The Mackenzie All Cap Value Team

The Mackenzie All Cap Value Team

Hovig Moushian, Head of the Mackenzie All Cap Value Team, explains his team's philosophy and process and how they realize value with conviction-based investing.

Show transcript

HOVIG MOUSHIAN: On the Mackenzie All Cap Value Team, we believe the key to long-term outperformance lies in a disciplined investment strategy that is tactically applied across the market capitalization spectrum of stocks.  We believe that markets are efficient in the fullness of time, but that opportunities can be presented in the short-term where pricing dislocations caused by emotional events or temporary events, can cause stock prizes to look attractive.

The key to recognizing these opportunities lies in the deep pool of experience of our seven investment professionals.  On average, they have 20 years of experience combing through these stocks through numerous market cycles.  Also, importantly, we share, most of that time has been spent together as a close-knit highly interactive team.  And, as a result, we share a common view to what defines value, one that is based on a strong free cash flow generation in the context of a competitive business environment that a company operates in.

So, as these opportunities present themselves, we want to take advantage of them because ultimately we believe that stock prices will return higher towards their fair market value, which is our definition of an efficiently priced security. Our process, therefore, is structured around our determination of fair market value.  And, fair market value is compromised of two elements. On the one hand, you have the multiple.  We determine the multiple based on a look back at where a stock has traded on average historically, where it's traded at trough levels, where it's traded at peak levels.  We use multiples that have been paid in acquisitions of similar types of businesses; all that gets embedded into our determination of the multiple. 

The underlying cash flow assumption that's determined by our forecasting is also done quite conservatively.  We assume that a business operates in a competitive environment and, therefore, can only achieve returns and, therefore, free cash flows that are reflective of a competitive industry dynamic.  We apply that multiple to the cash flow to determine our fair market value estimate.  We're obviously trying to buy stocks that trade at a discount to their fair market value.
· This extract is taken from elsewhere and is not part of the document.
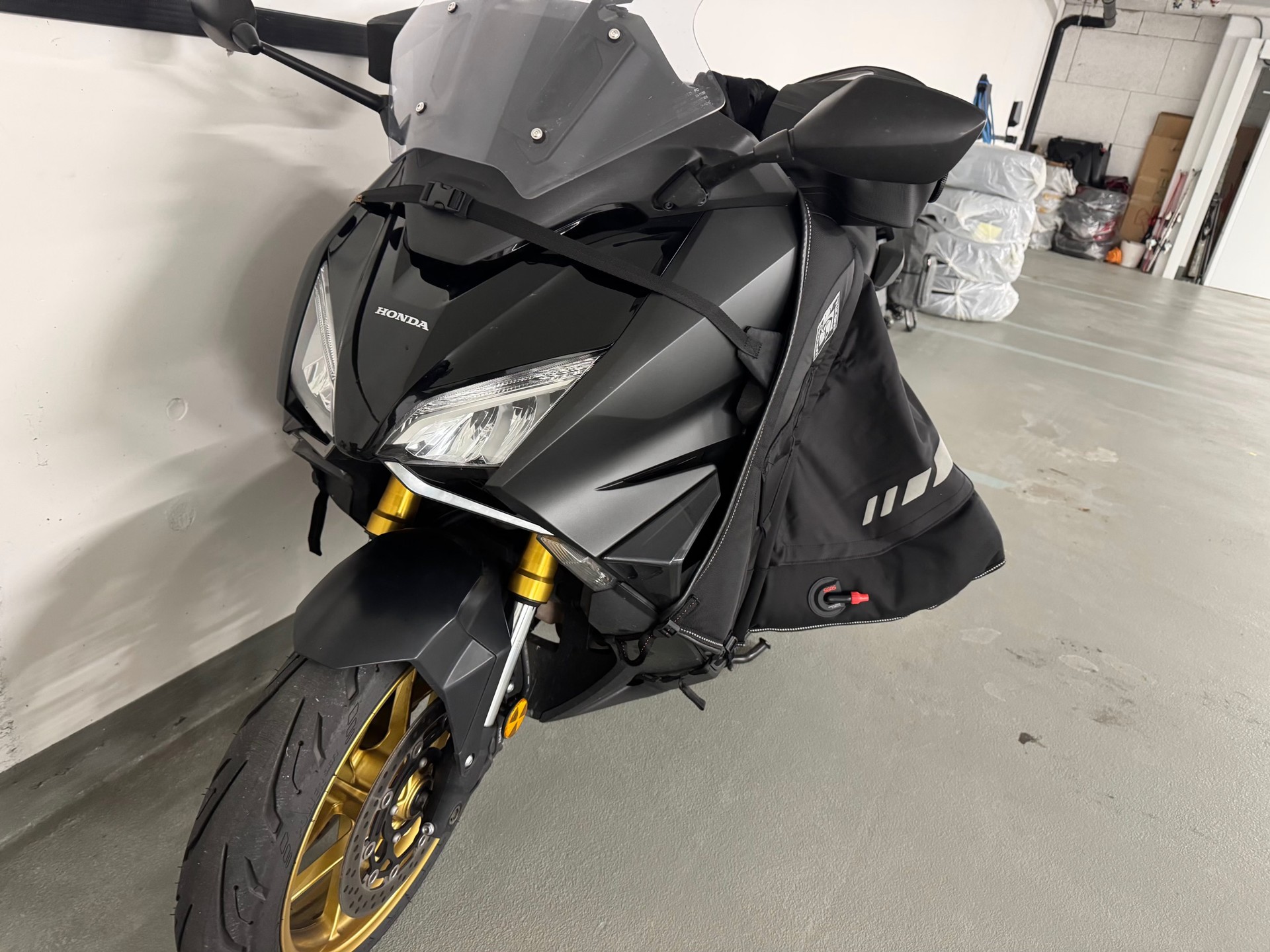 HONDA NSS 750-image-0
And, our risk management process allows us to incorporate stocks into the portfolio effectively through time.

Typically following a market correction or in the early stages of a recovery, there are more value opportunities to be had and the discounts to fair market value tend to be larger.  These are periods when our conviction is at its highest.  And, this is reflected in more risk-taking vis-a-vis our ownership of small and mid-cap stocks.

In the latter stages of a bull market when valuations tend to be elevated overall, there are fewer stocks that trade at a discount to their fair market value, and those discounts tend to be smaller.  These are periods when our conviction is diminished, and that is reflected in our reduction in our exposure to mid and small-cap stocks.

On the whole, the application of this discipline value strategy, combined with the experience of our team, is how we expect to help our clients achieve their long-term financial objectives.